● TASK TO COMPLETE:
Though the records contain pictures, copy none of them; repeat exactly the lines from the one with "Джерки ароматні MEATVILL Курка 100 г (67)" to the end.
*** EXERCISE INPUTS Section Begins ***
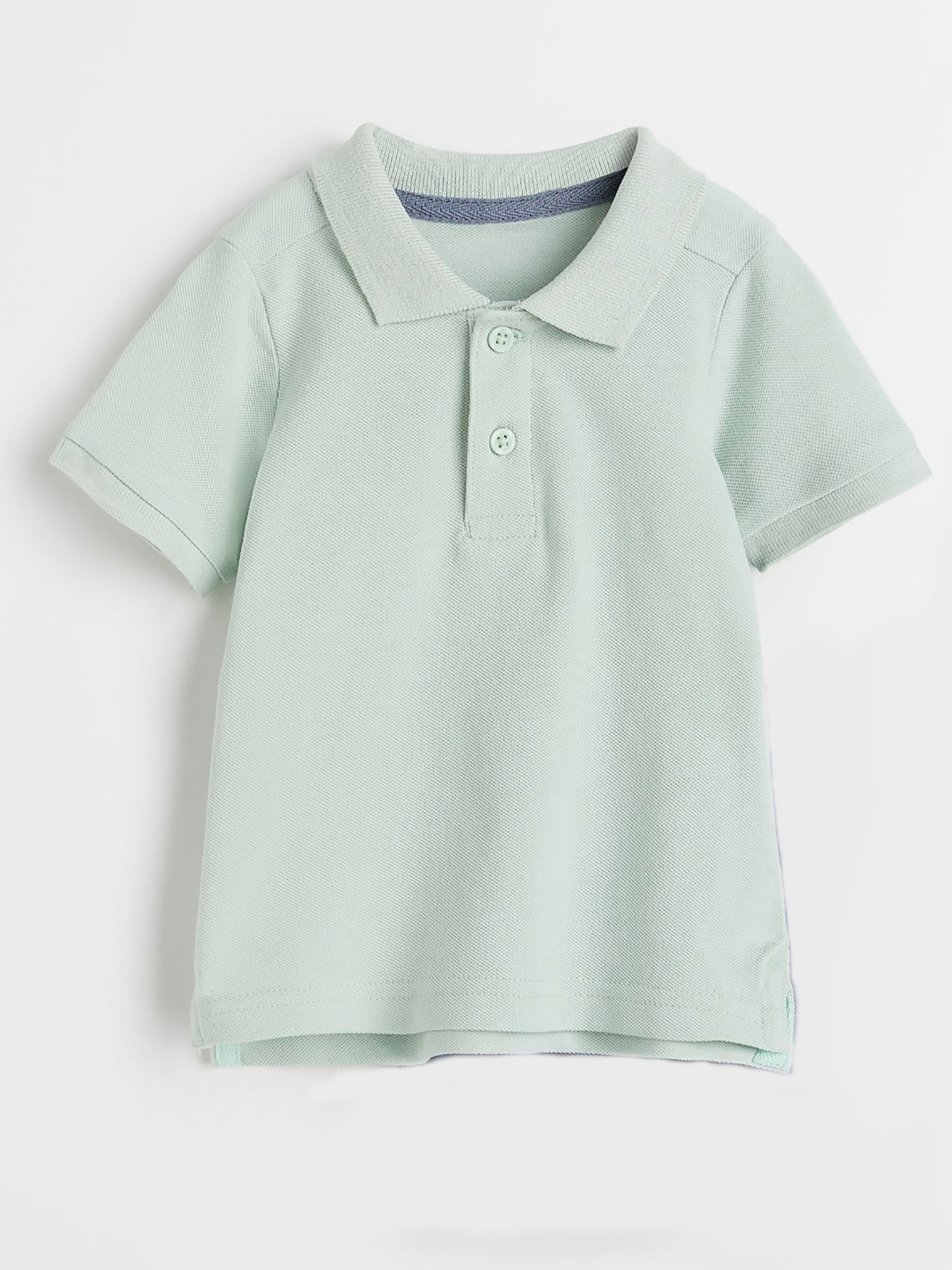 Поло H&M модель 69187 Фото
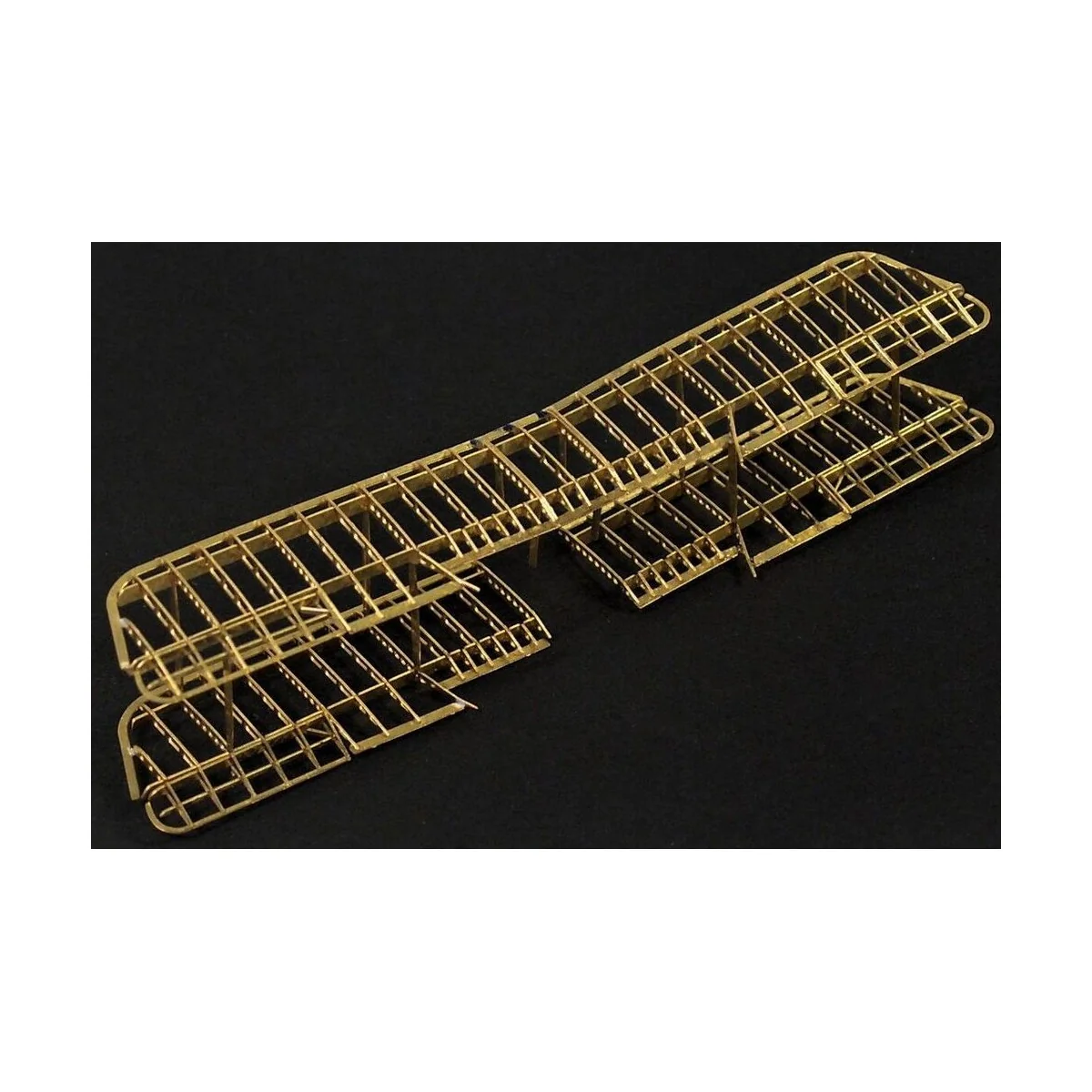 Airco DH-2 stripdown, 1/144 - Brengun BRS144018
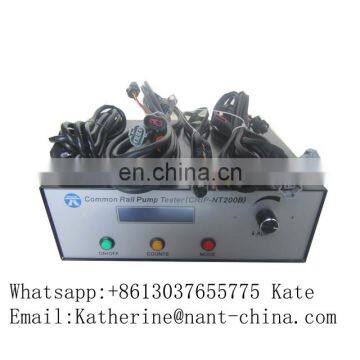 High Quality CRI-NT200B Common Rail Pump And HP0 Tester photo-2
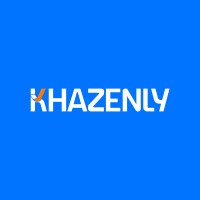 Khazenly - خزنلي Logo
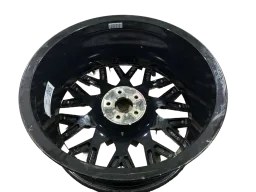 RODA ARO 18 FASTBACK 2024/2025 PRETA 03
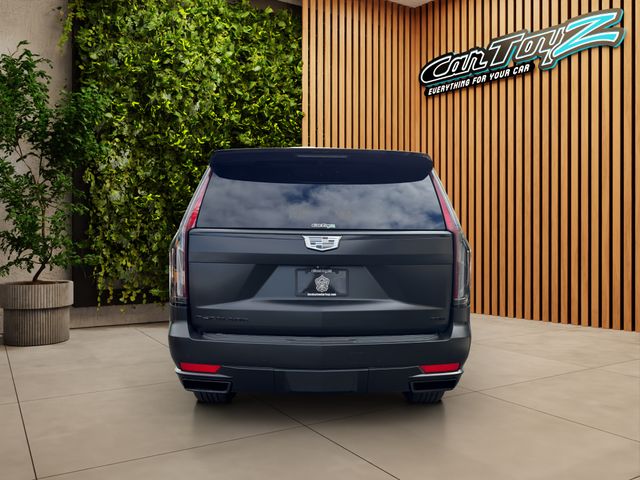 2023 Cadillac Escalade ESV Thumbnail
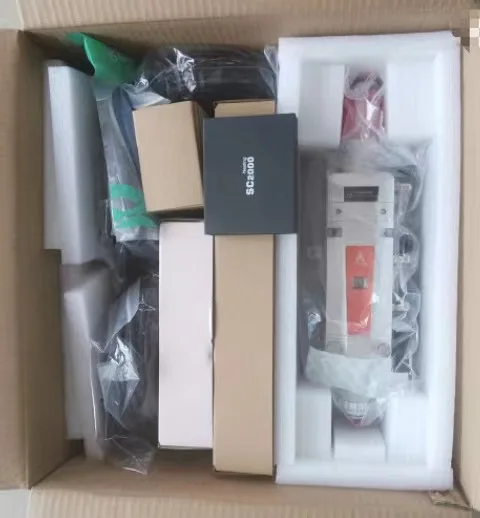 Low Value Laser Source RECI + Control System + Cutting Head Batter Use High Power BWT for Fiber Laser Cutting Machine 1500W Kits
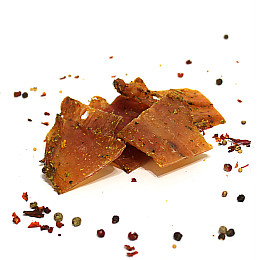 Джерки ароматні MEATVILL Курка 100 г (67)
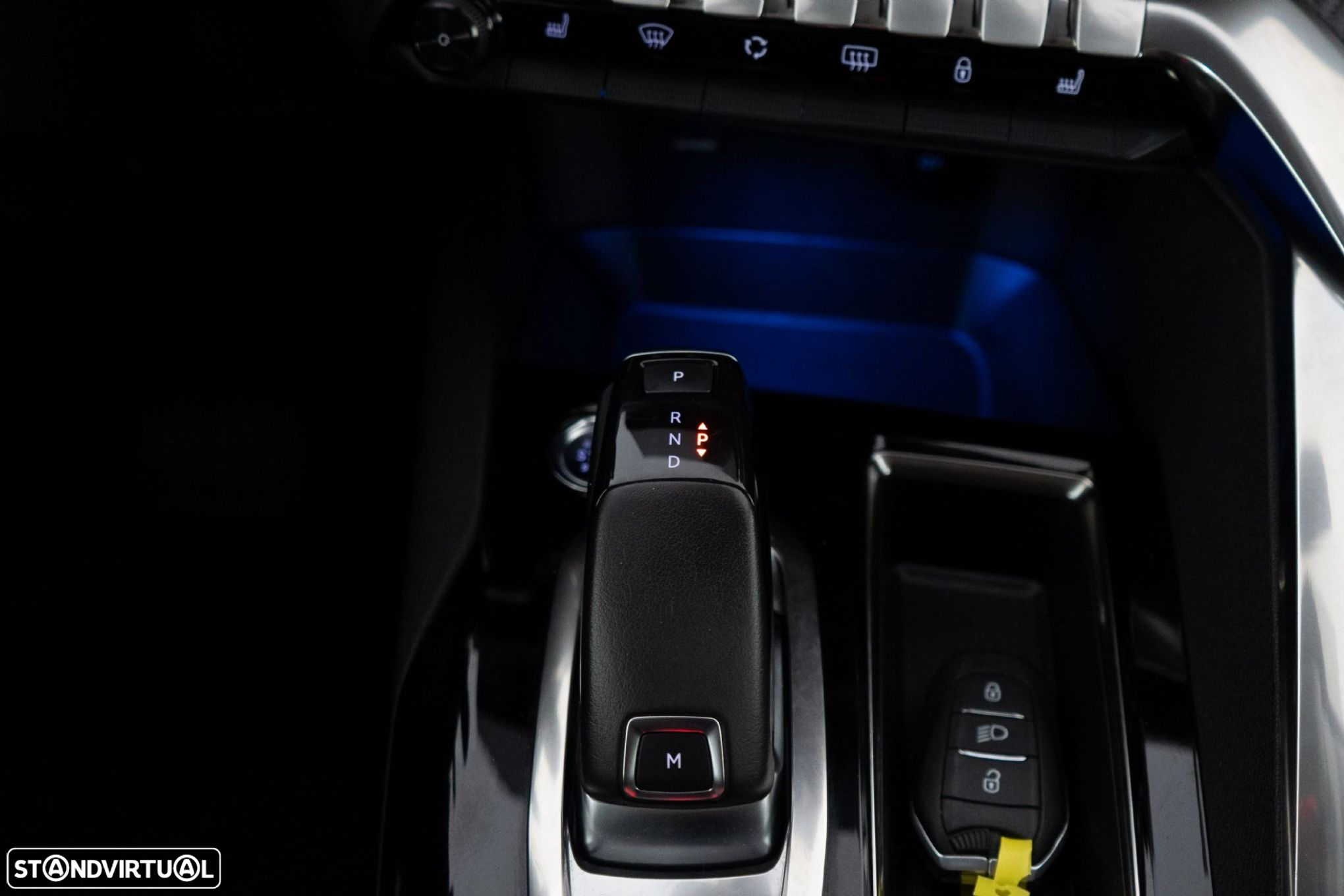 Peugeot 5008 1.2 PureTech Allure Pack EAT8 - 27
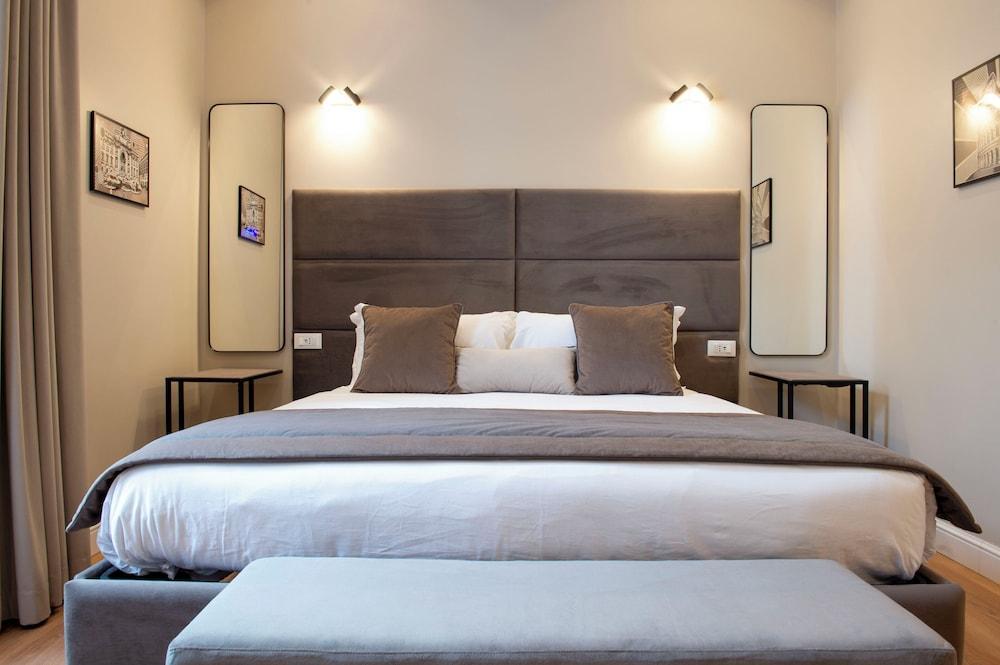 AD Suites Nazionale Room Type - Superior Queen Room
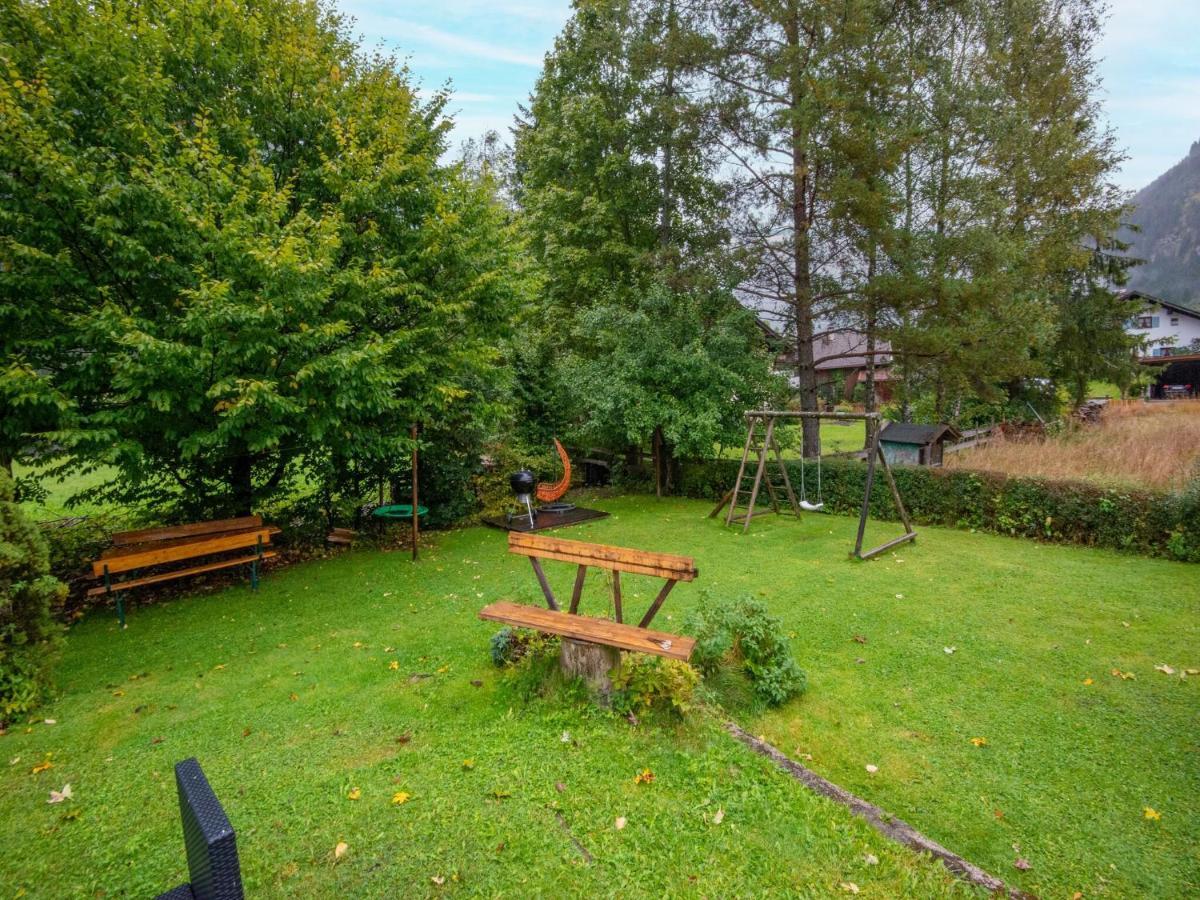 Apartment With A Shared Sauna In ビヒルバッハ エクステリア 写真
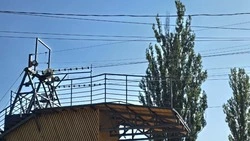 Первый зиплайн в крае появится в Кисловодске на Старом озере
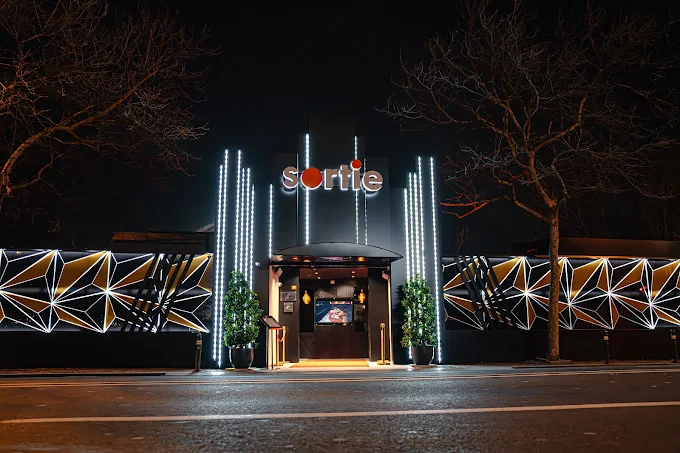 Sortie Club & Dining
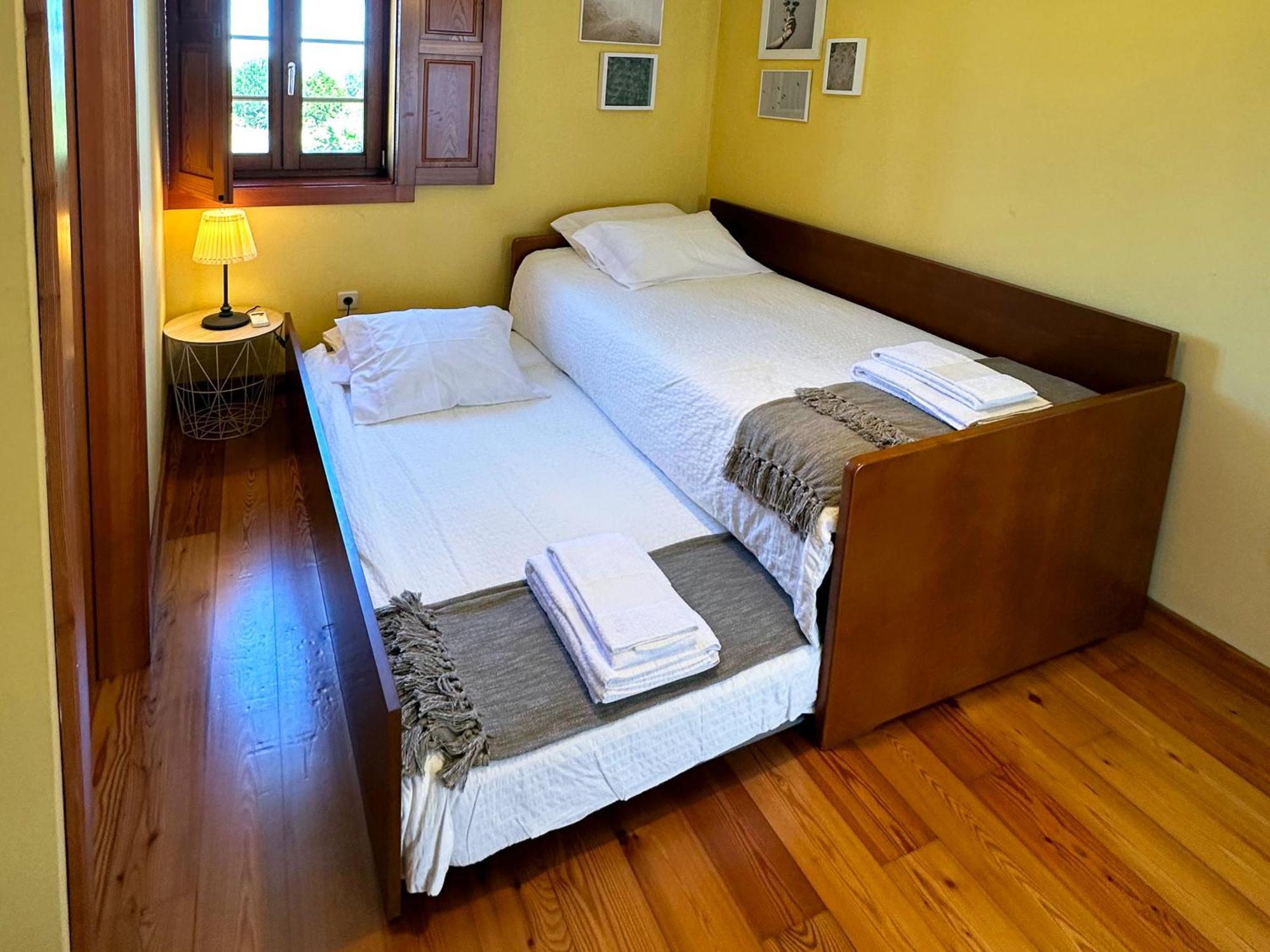 Sao Jorge Country House Penafiel Exterior photo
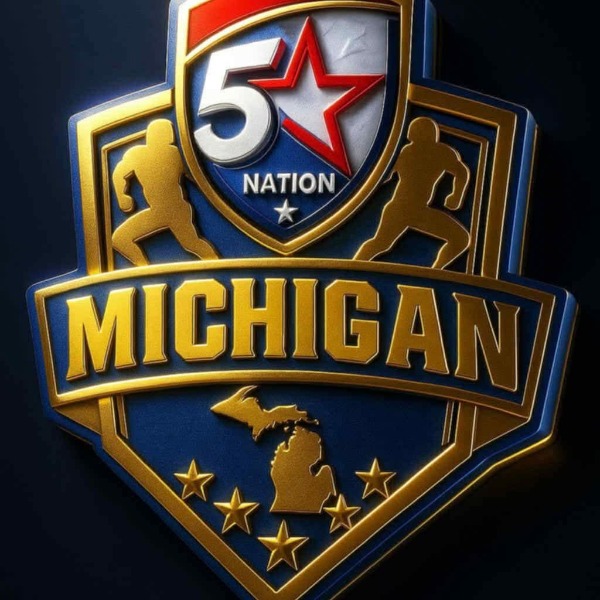Team Michigan 5 star  10u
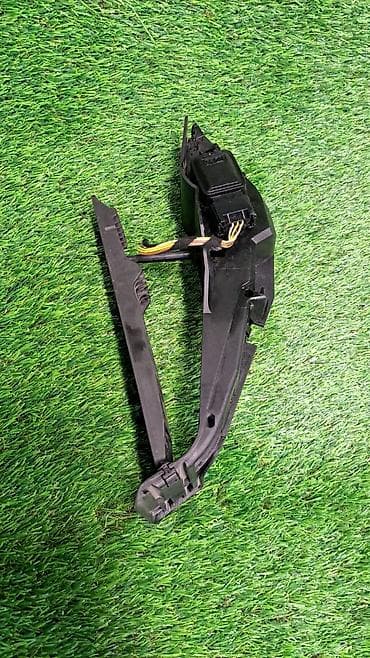 e53 4 8: Педаль газа Bmw X5 E53 (б/у) ​ Марка: BMW Модель: X5 Кузов: e53 ​ — 2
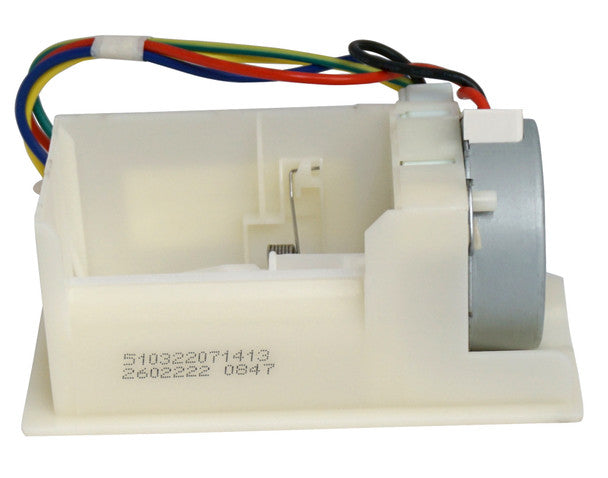 CHOICE MANUFACTURED PARTS Choice Manufactured Parts W10594329 Refrigerator Damper Control 3.5W (1 Pack) AP6023299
*** EXERCISE INPUTS Section Ends ***
● YOUR RESPONSE:
 Джерки ароматні MEATVILL Курка 100 г (67)
 Peugeot 5008 1.2 PureTech Allure Pack EAT8 - 27
 AD Suites Nazionale Room Type - Superior Queen Room
 Apartment With A Shared Sauna In ビヒルバッハ エクステリア 写真
 Первый зиплайн в крае появится в Кисловодске на Старом озере
 Sortie Club & Dining
 Sao Jorge Country House Penafiel Exterior photo
Team Michigan 5 star  10u
 e53 4 8: Педаль газа Bmw X5 E53 (б/у) ​ Марка: BMW Модель: X5 Кузов: e53 ​ — 2
 CHOICE MANUFACTURED PARTS Choice Manufactured Parts W10594329 Refrigerator Damper Control 3.5W (1 Pack) AP6023299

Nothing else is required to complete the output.